Floods, mudslides prompt evacuation orders, alerts in several parts of B.C.
The Canadian Press
Published Sunday, April 29, 2018 3:51PM EDT
Last Updated Monday, April 30, 2018 11:46AM EDT
VANCOUVER -- The threat of flooding has prompted an expanded evacuation order for an area of central British Columbia as an impending stretch of warm weather has the potential to speed snowmelt and swell already surging waterways.
Seventy-four properties have been added to an evacuation order issued earlier Sunday by the Cariboo Regional District.
Emily Epp, spokeswoman for the regional district's emergency operations centre, said people have been told to leave about 120 properties due to flooding.
Residents were being advised to take a forest service road, or stay on their properties if access roads have already been cut by high water.
"The RCMP will be in the area (this) morning to help evacuate them by helicopter," Epp said.
The regional district news release said those residents would be airlifted to a staging point where a bus would take them to an evacuation centre in Quesnel, about 100 kilometres to the east.
In southern B.C., evacuation orders also remain in effect for 148 properties in the Okanagan-Similkameen Regional District community of Tulameen, several more north of Oliver and for about a dozen in the community of Killiney Beach on the northwest side of Okanagan Lake.
Many more evacuation alerts are posted, including one by the Regional District of Central Kootenay covering homes in the Six Mile area just north of Nelson.
Flood warnings have been issued by the River Forecast Centre for the Nazko and West Road rivers of central B.C., while flood watches are in effect for many other waterways around the Cache Creek, Merritt, Williams Lake and Quesnel areas.

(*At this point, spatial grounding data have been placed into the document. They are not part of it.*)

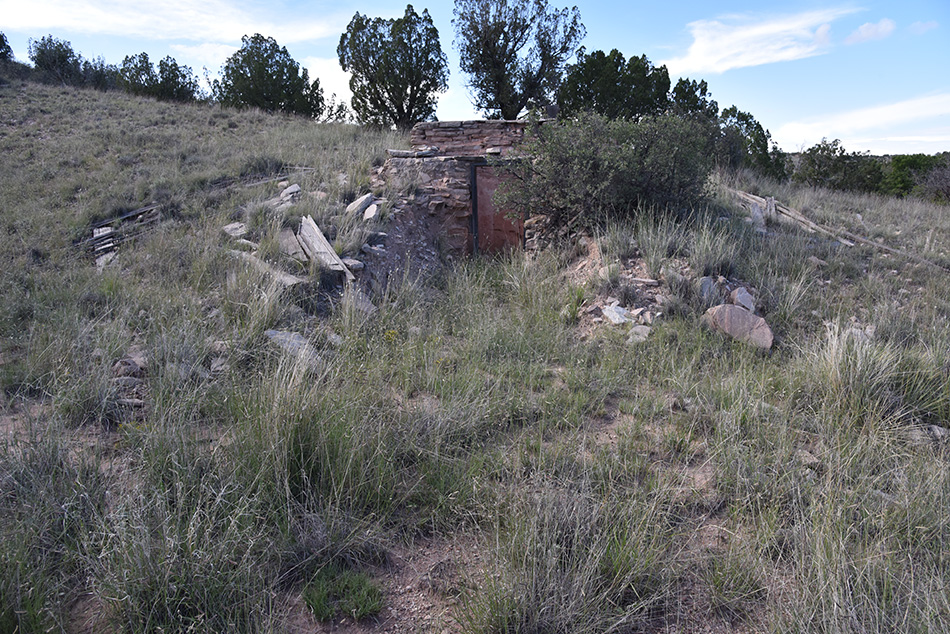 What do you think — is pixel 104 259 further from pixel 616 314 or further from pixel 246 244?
pixel 616 314

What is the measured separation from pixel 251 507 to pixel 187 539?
39 centimetres

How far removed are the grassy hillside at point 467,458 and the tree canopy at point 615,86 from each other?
43.5ft

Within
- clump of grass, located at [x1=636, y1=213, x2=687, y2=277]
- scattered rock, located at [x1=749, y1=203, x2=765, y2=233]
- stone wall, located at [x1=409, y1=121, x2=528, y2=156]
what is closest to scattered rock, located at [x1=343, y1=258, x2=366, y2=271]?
Answer: clump of grass, located at [x1=636, y1=213, x2=687, y2=277]

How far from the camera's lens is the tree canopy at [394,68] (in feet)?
61.1

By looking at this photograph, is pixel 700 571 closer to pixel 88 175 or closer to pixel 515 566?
pixel 515 566

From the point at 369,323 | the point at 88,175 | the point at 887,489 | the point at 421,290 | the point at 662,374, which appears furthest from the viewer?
the point at 88,175

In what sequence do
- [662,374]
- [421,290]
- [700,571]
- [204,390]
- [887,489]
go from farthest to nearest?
[421,290]
[662,374]
[204,390]
[887,489]
[700,571]

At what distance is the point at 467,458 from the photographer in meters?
3.11

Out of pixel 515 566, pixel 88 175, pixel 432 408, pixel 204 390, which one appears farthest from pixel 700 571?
pixel 88 175

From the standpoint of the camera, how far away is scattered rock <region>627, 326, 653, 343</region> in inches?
197

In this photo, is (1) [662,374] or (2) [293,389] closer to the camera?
(2) [293,389]

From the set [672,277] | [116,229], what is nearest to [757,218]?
[672,277]

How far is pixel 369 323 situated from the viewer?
5246 mm

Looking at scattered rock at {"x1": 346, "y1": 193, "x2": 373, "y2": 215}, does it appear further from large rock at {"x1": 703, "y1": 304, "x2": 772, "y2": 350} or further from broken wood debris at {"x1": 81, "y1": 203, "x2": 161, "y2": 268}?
large rock at {"x1": 703, "y1": 304, "x2": 772, "y2": 350} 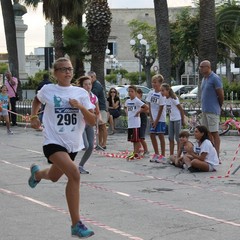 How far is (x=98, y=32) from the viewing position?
26922 millimetres

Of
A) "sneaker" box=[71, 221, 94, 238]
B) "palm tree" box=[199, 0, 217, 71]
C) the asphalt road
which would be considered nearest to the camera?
"sneaker" box=[71, 221, 94, 238]

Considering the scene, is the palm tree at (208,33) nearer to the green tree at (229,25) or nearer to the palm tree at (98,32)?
the palm tree at (98,32)

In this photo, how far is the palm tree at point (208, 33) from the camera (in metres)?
22.7

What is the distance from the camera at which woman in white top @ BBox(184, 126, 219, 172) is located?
1173cm

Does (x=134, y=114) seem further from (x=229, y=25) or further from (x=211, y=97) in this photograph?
(x=229, y=25)

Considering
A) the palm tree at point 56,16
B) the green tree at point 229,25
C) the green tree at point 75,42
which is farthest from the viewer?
the green tree at point 229,25

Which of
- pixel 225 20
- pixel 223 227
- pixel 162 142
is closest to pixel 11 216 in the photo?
pixel 223 227

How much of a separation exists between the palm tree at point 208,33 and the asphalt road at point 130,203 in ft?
31.1

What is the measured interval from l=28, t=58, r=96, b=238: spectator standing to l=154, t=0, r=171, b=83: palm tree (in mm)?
16652

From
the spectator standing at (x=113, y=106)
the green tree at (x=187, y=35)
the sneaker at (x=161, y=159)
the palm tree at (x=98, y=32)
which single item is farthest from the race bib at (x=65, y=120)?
the green tree at (x=187, y=35)

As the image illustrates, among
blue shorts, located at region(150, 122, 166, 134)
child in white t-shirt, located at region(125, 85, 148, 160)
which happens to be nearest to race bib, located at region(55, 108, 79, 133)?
blue shorts, located at region(150, 122, 166, 134)

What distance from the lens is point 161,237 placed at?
686cm

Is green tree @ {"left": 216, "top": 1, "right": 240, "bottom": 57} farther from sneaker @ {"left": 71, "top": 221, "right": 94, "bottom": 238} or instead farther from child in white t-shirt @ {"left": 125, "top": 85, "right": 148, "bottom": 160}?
Answer: sneaker @ {"left": 71, "top": 221, "right": 94, "bottom": 238}

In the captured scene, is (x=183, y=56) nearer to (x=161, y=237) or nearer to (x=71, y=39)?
Result: (x=71, y=39) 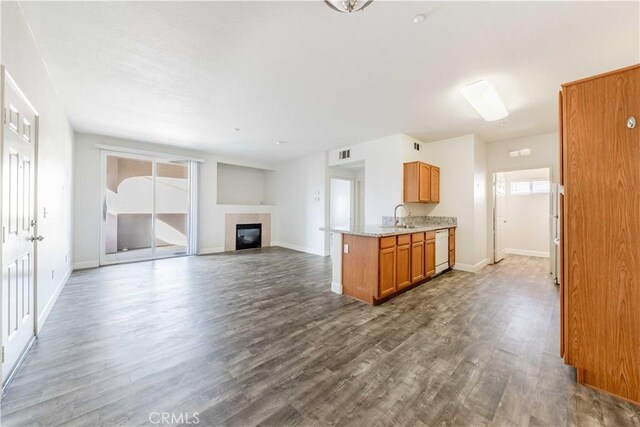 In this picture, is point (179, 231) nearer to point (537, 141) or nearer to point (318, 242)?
point (318, 242)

Rapidly rising river levels and the likelihood of flooding in low-lying areas for the southern Interior, Boundary, Kootenay and Peace regions, prompting the River Forecast Centre to maintain high streamflow advisories in those regions
Recent rains, extremely heavy snowpacks and another round of temperatures in the mid to high 20s for many parts of southern B.C. are expected to add to flooding risks in the coming days.